Injecting constant 0x07de = 2014 bytecode in Bremer’s proof of concept.

Figure 5. Injecting constant 0x07de = 2014 bytecode in Bremer’s proof of concept.

In [9], we demonstrated that it is possible to hide methods from disassemblers. This is potentially interesting to attackers if they locate their malicious code in those hidden parts. Fortunately, the technique was published along with the Hidex detection tool [8]. (For more information, please see slides from Insomni’hack 2014 [9].)

Ange Albertini has released a Python script [25], [26] that is able to manipulate the encrypted output of AES or DES so that it looks like a customizable PNG, JPG or sound file. A malware author might be interested in using this technique to hide an APK in assets or resources. He/she would create an application which looks fairly genuine, with a seemingly innocent PNG as an asset. The code would load the asset and decrypt it with a hard-coded key to reveal the real, evil APK. The malicious APK would then be installed on the device. The attack is feasible, and such an APK can be created using AngeCryption. However, a few hacks are necessary: the End Of Central Directory (EOCD), which marks the end of the ZIP file, must be duplicated and padded to 16 bytes (for encryption with AES). We are currently working on a proof of concept and detection tool.

5. Conclusion

We have seen Android malware authors use plenty of different techniques to obfuscate their code. With new tools like Bangcle, APK Protect and DexGuard, we fear that mobile malware will become increasingly difficult to reverse in the near future – not to mention techniques such as bytecode injection, method hiding or AngeCryption which haven’t been seen on the malware scene, yet.

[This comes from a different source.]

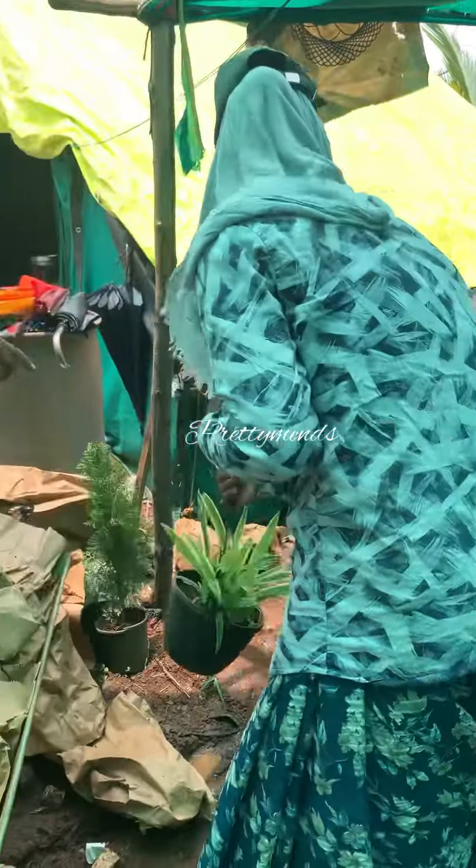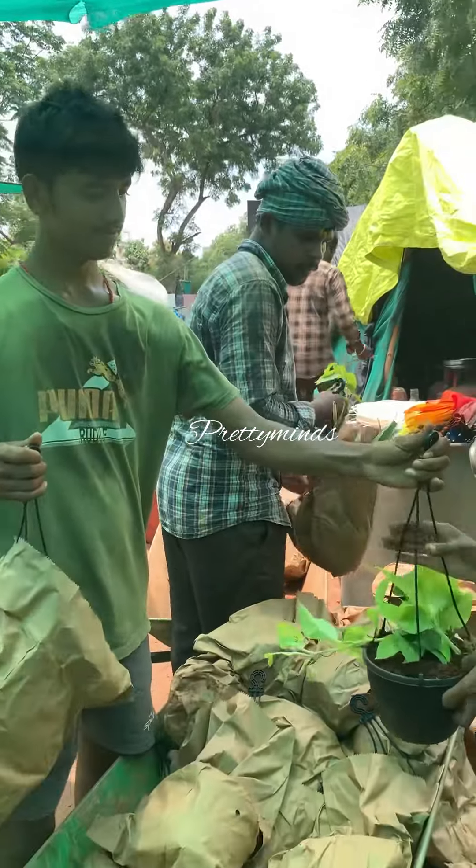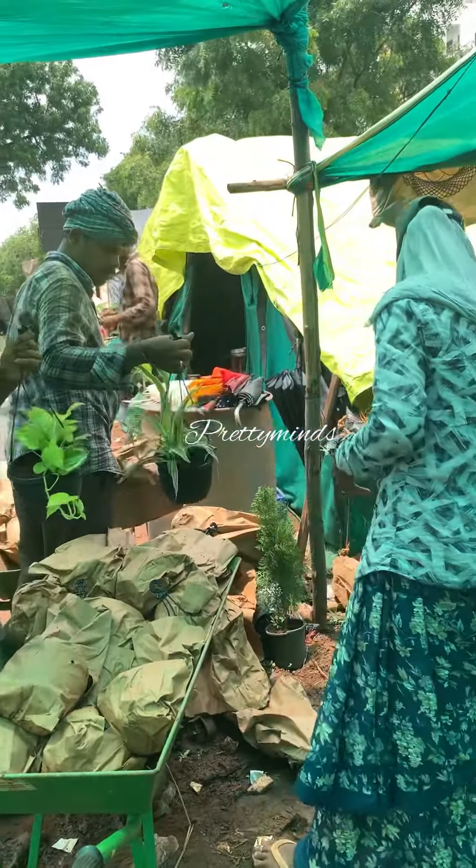We will unload all the plants, remove all the papers, and arrange them. Every plant is healthy.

In this paper, we have shown that we are not totally helpless in the face of obfuscation. A few simple, but well chosen Unix find/grep commands are useful for understanding what is happening. And in most cases, we have managed to reverse samples with known existing tools such as baksmali, apktool and Androguard – these tools usually work adequately (or nearly), it is more a matter of looking at the right location. Moreover, encryption, which sounds frightening at first, does not turn out to be so difficult to reverse in practice: we just have to write a few lines of code to decrypt the ciphertext. For situations in which reversing remains difficult, we have provided a few enhancements to Hidex, a Perl script which assists reverse engineers in detecting some situations, and helps with the renaming of non-ASCII strings used by some obfuscators.

So we are not helpless, but if we want to keep pace with the techniques malware authors are likely to use in the near future, we had better focus on tools and research in this area as soon as possible.

Acknowledgements

We thank Ange Albertini, Jurriaan Bremer, Anthony Desnos, Robert Lipovsky and Miroslav Legen for their help.

Bibliography

[3] JD-GUI. http://jd.benow.ca/.

[5] Nihilus. Reversing DexGuard 5.x. version 1.

[9] Apvrille, A. Playing Hide and Seek with Dalvik Executables. In Hack.Lu, October 2013. http://www.fortiguard.com/uploads/general/hidex_insomni.pdf.

[10] Android. Dalvik Executable Format. http://source.android.com/devices/tech/dalvik/dex-format.html.

[11] APK Protect. http://www.apkprotect.com/.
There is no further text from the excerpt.